Tout semblait se taire par Raphaël Benoilid

(Texte paru initialement dans La Lettre de l’Amicale en1997)

Un Dimanche blafard, un peu blues, un peu spleen, un jour de Janvier ordinaire en somme.

Drancy, une banlieue parisienne morose et un peu paumée, comme tant d’autres, avec son aire de jeux, sa grande place, ses cafés, ses abris-bus, et son mal de vivre. De grands blocs de béton gris, colosses ternes et sans vie, désespérément communs, genre HLM décents tout juste, pour ces exclus qu’on tolère à peine.

Mais un silence déchirant, qui pleure et qui crie.

Et puis la vérité, celle qui dérange, celle qu’on élude, celle qu’on chuchote, celle qu’on cache, celle enfin qu’il faut à tout prix assumer et transmettre de peur qu’on l’édulcore, qu’on l’oublie tout doucement, sans le faire vraiment exprès, ou pire encore, qu’on la révise.

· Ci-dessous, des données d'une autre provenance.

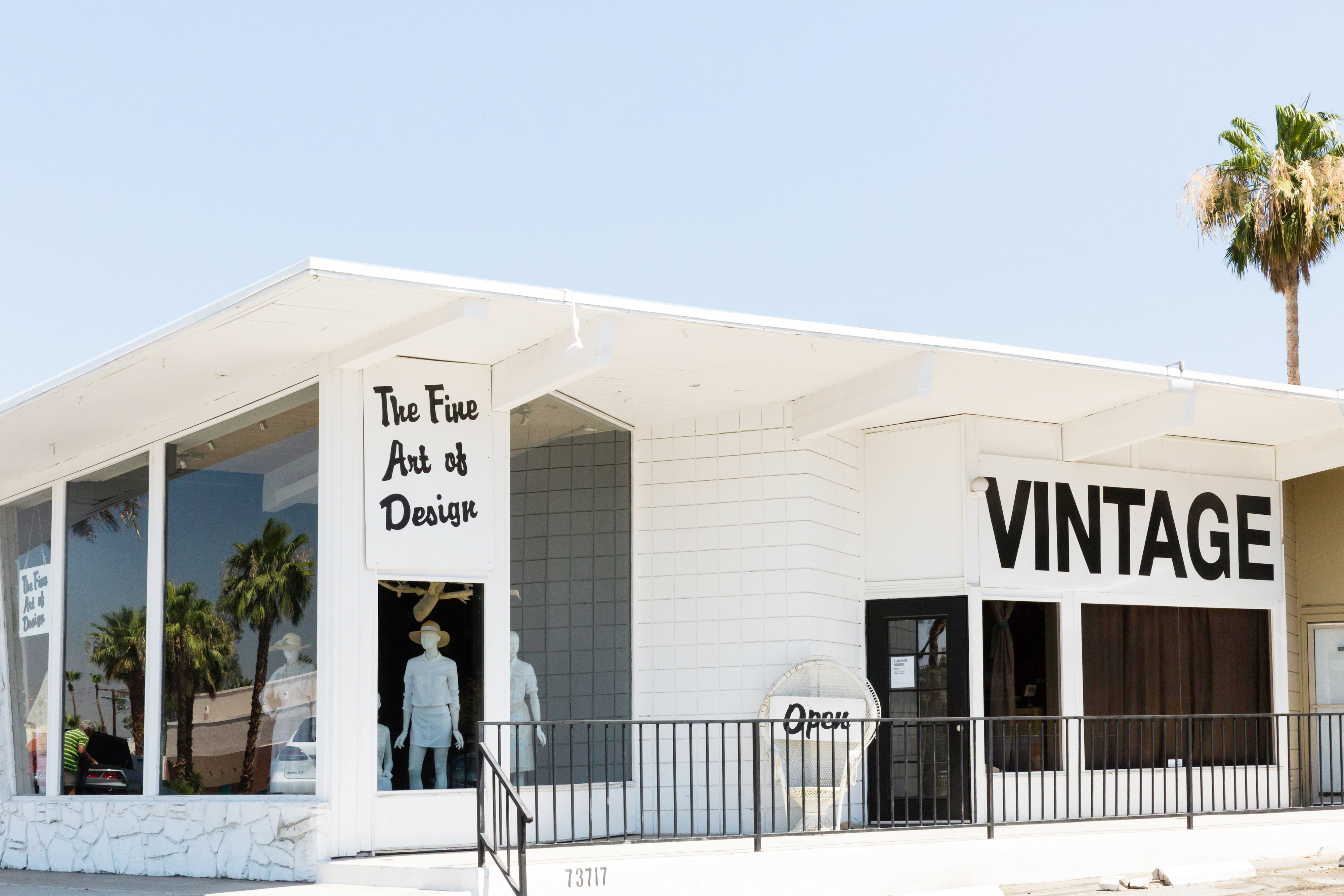 A vintage store in palm springs with a bright blue sky and palm tree in the background.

Ces gratte-ciel anodins furent autant de visages de l’enfer terrestre dans lesquels une multitude de juifs, – même ceux qui pensaient ne plus l’être ou qui avaient fini par l’oublier – furent déportés, dans des conditions inhumaines, pendant des mois, voire des années, interminables. Tous dépositaires de la même angoisse, de la même attente, pourtant effrontément teintée d’espoir, de « I’après-Drancy ».

Et de fait, le camp de Drancy fut bel et bien, de 1940 à 1945, une de ces « antichambres de la mort ». En témoignent, s’il le fallait, les rails de chemin de fer qui relient le Monument mémorial au

Wagon. C’est le « chemin des martyrs » selon la terminologie de Shelomo Selinger l’homme fondateur du mémorial, qui a su resignifier la souffrance de nos parents en termes de vigilance et de recueillement.

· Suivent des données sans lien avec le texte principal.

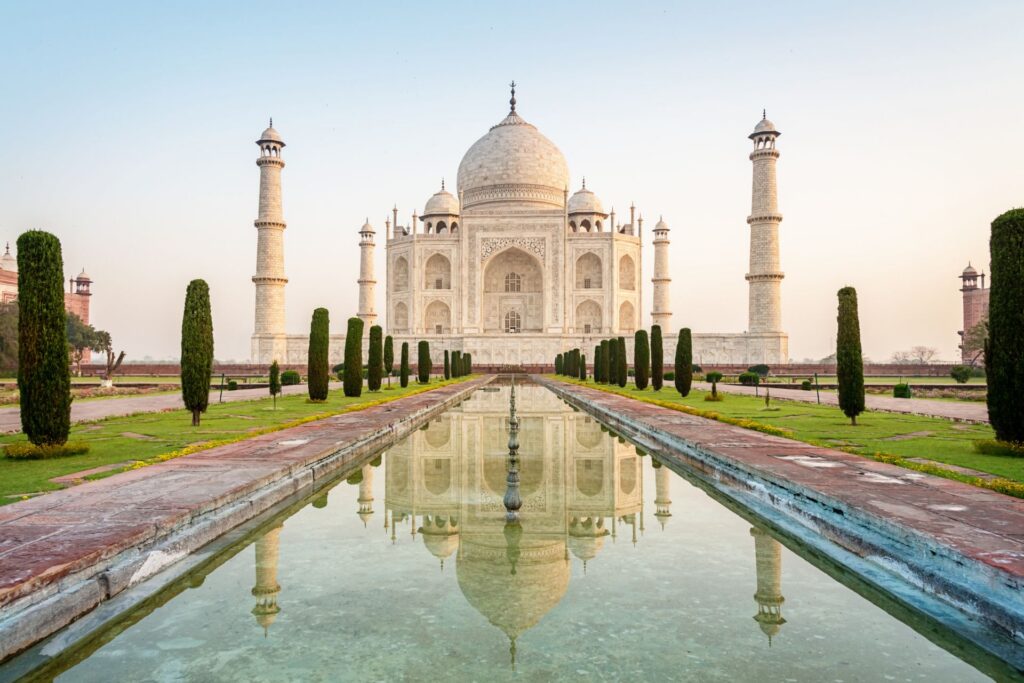 Das Taj Mahal in Agra, Indien, bei Sonnenaufgang. Die weiße Marmorkuppel spiegelt sich im Wasserbecken, umgeben von gepflegten Gärten und Minaretten.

Un monument donc d’abord, illisible sans directives parce que trop chargé de sens : la mézouza, les téfilins, les 36 justes qui soutiennent le monde, mais surtout la détresse, la déception, et la déchirure d’un peuple qui reste malgré tout obstinément, et précisément à cause de cela, attaché à ses traditions et à ses valeurs. Illisible sans doute aussi, parce que la souffrance est indicible et ineffable, parce que la folie humaine dépasse toute représentation sensible.

Mais surtout, des témoignages dignes et ô combien précieux, de ces personnes aux rides maintenant creusées par la vieillesse et par le poids de leur histoire, de l’Histoire juive, qui essaient tant bien que mal de narrer sur un ton léger, un 23 juillet 42.

Nous sommes les derniers dépositaires de ces témoignages vivants et vécus. Bientôt, la transmission, qui est notre devoir et notre responsabilité sera l’ultime véhicule du souvenir. Sachons trouver les mots et le courage d’en parler et n’oublions pas : tout semblait se taire.